Pipelined Table Function Statistics and Dynamic Sampling
2013-12-16 10:32
239 查看
This is an extraction of Adrian Billington's article:
http://www.oracle-developer.net/display.php?id=429
At some point, you might need to join a pipelined function to another rowsource (such as a table, a view, or the intermediate output of other joins within a SQL execution plan). Rowsource statistics (such as cardinality, data distribution, nulls,
etc) are critical to achieving efficient execution plans, but in the case of pipelined functions (or indeed any table function), the cost-based optimizer doesn't have much information to work with.
cardinality heuristics for pipelined table functions
Up to and including Oracle Database 11g Release 1, the CBO applies a heuristic cardinality to pipelined and table functions in SQL statements and this can sometimes lead to inefficient execution plans. The default cardinality appears to be dependent
on the value of the DB_BLOCK_SIZE initialization parameter, but on a database with a standard 8Kb block size Oracle uses a heuristic of 8,168 rows. I can demonstrate this quite easily with a pipelined function that pipes a subset of columns from the employees
table. Using Autotrace in SQL*Plus to generate an execution plan, I see the following.

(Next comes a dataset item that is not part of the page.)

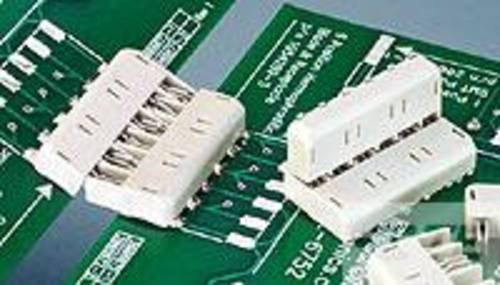 TE Connectivity 1954289-1 Package in Weiß - Bild 1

/* Files on web: cbo_setup.sql and cbo_test.sql */
SQL< SELECT *
2 FROM TABLE(pipe_employees) e;
Execution Plan
----------------------------------------------------------
Plan hash value: 1802204150
--------------------------------------------------------------------
| Id | Operation | Name | Rows |
--------------------------------------------------------------------
| 0 | SELECT STATEMENT | | 8168 |
| 1 | COLLECTION ITERATOR PICKLER FETCH| PIPE_EMPLOYEES | |
--------------------------------------------------------------------
This pipelined function actually returns 50,000 rows, so if I join this pipelined function to the departments table, I run the risk of getting a suboptimal plan.

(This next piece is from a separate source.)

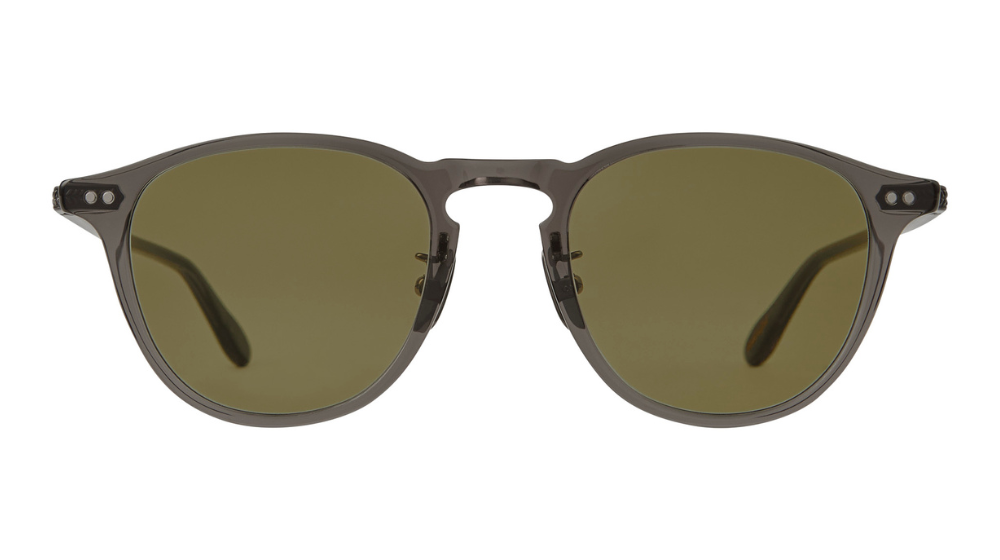 Garrett Leight Hampton  J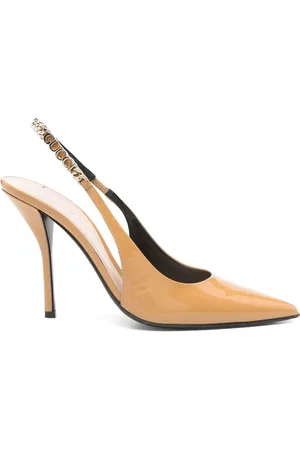 Gucci Escarpins Signoria 115 mm à bride arrière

/* File on web: cbo_test.sql */
SQL< SELECT *
2 FROM departments d
3 , TABLE(pipe_employees) e
4 WHERE d.department_id = e.department_id;
Execution Plan
----------------------------------------------------------
Plan hash value: 4098497386
----------------------------------------------------------------------
| Id | Operation | Name | Rows |
----------------------------------------------------------------------
| 0 | SELECT STATEMENT | | 8168 |
| 1 | MERGE JOIN | | 8168 |
| 2 | TABLE ACCESS BY INDEX ROWID | DEPARTMENTS | 27 |
| 3 | INDEX FULL SCAN | DEPT_ID_PK | 27 |
|* 4 | SORT JOIN | | 8168 |
| 5 | COLLECTION ITERATOR PICKLER FETCH| PIPE_EMPLOYEES | |
----------------------------------------------------------------------
As predicted, this appears to be a suboptimal plan; it is unlikely that a sort-merge join will be more efficient than a hash join in this scenario. So how do I influence the CBO? For this example I could use simple access hints such as LEADING
and USE_HASH to effectively override the CBO’s cost-based decision and secure a hash join between the table and pipelined function. However, for more complex SQL statements, it is quite difficult to provide all the hints necessary to “lock down” an execution
plan. It is often far better to provide the CBO with better statistics with which to make its decisions.
Optimizer dynamic sampling
This feature was enhanced in Oracle Database 11g (11.1.0.7) to include sampling for table and pipelined functions;
Dynamic sampling is an extremely useful feature that enables the optimizer to take a small statistics sample of one or more objects in a query during the parse phase. You might use dynamic sampling when you haven’t gathered statistics on all of
your tables in a query or when you are using transient objects such as global temporary tables. Starting with version 11.1.0.7, the Oracle database is able to use dynamic sampling for table or pipelined functions.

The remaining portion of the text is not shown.